All I had to do was board an aeroplane and hope for good weather.
How could I not go?
The 3,000 miles I travelled from my home in New York to the summit of Mount Wilson comes to about 1/31,000th the distance from the Earth to the Sun. I mention this because the average Earth-Sun distance of 93 million miles, so familiar a fact today, was originally determined by observing the transit of Venus. Without knowledge of the Earth-Sun distance no one could gauge the gaps between the planets, or grasp the enormity of the gulf separating the planets from the stars. Without knowledge of the Sun’s actual distance, one could not even begin to calculate its mass, diameter or true brightness.
‘Willingly would I burn to death like Phaeton,’ the Greek mathematician Eudoxus swore in the fourth century, ‘were this the price for reaching the Sun and learning its shape, its size, and its distance.’
Precise modern measurements of the solar system have not rendered the transit of Venus obsolete to science. On the contrary, the 2012 event drew the attention of the Hubble Space Telescope, the Nasa Solar Dynamics Observatory, and the European Space Agency’s Venus Express orbiter. Findings from these and other ground- and space-based instruments will leap the bounds of the solar system, as astronomers apply them to the ongoing search for Earth-like exoplanets orbiting stars beyond the Sun.
The 2012 occasion also drew the largest global audience in transit history. Thousands of day-trippers turned up at the Adler Planetarium in Chicago, the Griffith Observatory in Los Angeles, and other such centres of public outreach in astronomy. The more serious, or more affluent, boarded cruise ships to points in the Pacific Ocean, where they could count on clear skies and capture the transit in its entirety of six hours and 40 minutes.
I knew that viewing the transit from Mount Wilson precluded my seeing its full duration. Sunset would intervene nearly two hours before the event ended. While diehard friends flew off to Hawaii, I convinced myself I could be content with the beginning and the middle at such a historic site.

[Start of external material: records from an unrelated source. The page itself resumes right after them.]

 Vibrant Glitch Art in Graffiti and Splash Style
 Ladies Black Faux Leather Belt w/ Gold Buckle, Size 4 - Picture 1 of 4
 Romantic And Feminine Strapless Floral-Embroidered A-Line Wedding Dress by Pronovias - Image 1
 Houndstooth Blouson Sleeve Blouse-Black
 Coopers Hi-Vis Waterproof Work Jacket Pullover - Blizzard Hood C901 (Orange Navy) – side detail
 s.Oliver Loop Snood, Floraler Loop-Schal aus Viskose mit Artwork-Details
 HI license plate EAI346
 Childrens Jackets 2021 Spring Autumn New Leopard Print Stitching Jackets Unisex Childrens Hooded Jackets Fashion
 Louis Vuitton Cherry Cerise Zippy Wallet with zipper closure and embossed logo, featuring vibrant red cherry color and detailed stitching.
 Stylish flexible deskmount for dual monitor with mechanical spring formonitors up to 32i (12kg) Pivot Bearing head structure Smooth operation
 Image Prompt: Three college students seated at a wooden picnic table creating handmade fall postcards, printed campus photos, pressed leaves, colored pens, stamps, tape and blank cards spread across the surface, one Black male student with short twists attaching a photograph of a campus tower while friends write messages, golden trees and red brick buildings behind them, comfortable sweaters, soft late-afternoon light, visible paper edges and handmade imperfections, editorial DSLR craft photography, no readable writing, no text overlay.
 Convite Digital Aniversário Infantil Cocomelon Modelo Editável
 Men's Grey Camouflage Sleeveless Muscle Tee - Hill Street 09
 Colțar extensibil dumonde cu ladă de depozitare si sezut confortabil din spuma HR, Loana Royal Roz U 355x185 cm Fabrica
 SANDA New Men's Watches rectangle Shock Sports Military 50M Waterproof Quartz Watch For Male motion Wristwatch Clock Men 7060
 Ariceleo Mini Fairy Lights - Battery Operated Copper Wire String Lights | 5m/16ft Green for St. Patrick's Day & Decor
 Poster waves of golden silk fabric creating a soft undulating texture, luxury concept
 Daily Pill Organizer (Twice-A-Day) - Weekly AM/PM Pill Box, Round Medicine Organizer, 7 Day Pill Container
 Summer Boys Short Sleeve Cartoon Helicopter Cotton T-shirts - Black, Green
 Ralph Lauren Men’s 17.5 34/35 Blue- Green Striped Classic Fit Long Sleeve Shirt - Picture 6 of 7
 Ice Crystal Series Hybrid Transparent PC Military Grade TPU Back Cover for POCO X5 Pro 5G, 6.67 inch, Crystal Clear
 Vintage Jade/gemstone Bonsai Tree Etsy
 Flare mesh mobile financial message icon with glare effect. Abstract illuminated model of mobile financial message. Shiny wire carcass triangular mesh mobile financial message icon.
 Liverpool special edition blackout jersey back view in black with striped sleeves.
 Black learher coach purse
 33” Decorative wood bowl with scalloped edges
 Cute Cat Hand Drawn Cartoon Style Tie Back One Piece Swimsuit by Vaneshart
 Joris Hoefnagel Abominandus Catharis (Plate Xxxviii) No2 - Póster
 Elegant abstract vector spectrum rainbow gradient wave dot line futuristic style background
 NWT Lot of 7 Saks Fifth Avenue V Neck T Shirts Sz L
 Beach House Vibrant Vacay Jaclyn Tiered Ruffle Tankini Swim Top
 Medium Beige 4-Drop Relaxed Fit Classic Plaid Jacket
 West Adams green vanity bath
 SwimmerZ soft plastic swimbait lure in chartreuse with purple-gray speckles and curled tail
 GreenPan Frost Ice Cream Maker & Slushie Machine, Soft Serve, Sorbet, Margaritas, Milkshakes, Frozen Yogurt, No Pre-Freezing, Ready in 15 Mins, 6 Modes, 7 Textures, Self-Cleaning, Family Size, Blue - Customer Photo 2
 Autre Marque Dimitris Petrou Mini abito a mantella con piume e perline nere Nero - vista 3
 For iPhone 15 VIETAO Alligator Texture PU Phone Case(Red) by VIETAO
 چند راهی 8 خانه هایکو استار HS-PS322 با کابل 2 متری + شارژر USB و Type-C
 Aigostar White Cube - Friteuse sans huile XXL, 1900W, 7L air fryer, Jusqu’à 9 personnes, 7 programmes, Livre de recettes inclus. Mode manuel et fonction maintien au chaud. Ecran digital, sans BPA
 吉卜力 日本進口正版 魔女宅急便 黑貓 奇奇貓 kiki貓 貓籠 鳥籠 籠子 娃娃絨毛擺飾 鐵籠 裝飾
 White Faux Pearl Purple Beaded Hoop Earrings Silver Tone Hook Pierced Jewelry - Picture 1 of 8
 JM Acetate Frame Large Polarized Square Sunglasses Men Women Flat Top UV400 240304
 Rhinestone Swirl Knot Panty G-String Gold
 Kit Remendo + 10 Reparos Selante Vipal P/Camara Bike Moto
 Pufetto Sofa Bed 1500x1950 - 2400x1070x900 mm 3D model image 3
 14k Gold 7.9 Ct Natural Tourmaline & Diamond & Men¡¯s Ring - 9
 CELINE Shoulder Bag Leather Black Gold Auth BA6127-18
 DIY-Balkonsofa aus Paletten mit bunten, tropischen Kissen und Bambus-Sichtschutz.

The Mount Wilson Observatory, high above the city of Pasadena, opened in 1904 for the express purpose of studying the Sun. Its research purview has since widened and many large and small telescope domes now dot the mountain, but the 150-foot solar tower dominates the site. At the tower’s top, movable mirrors (still adjusted by hand) track the Sun all day, every day, throwing down a live image to the control room at the base, where a bust of the observatory’s founder George Ellery Hale oversees the monitoring of sunspot activity.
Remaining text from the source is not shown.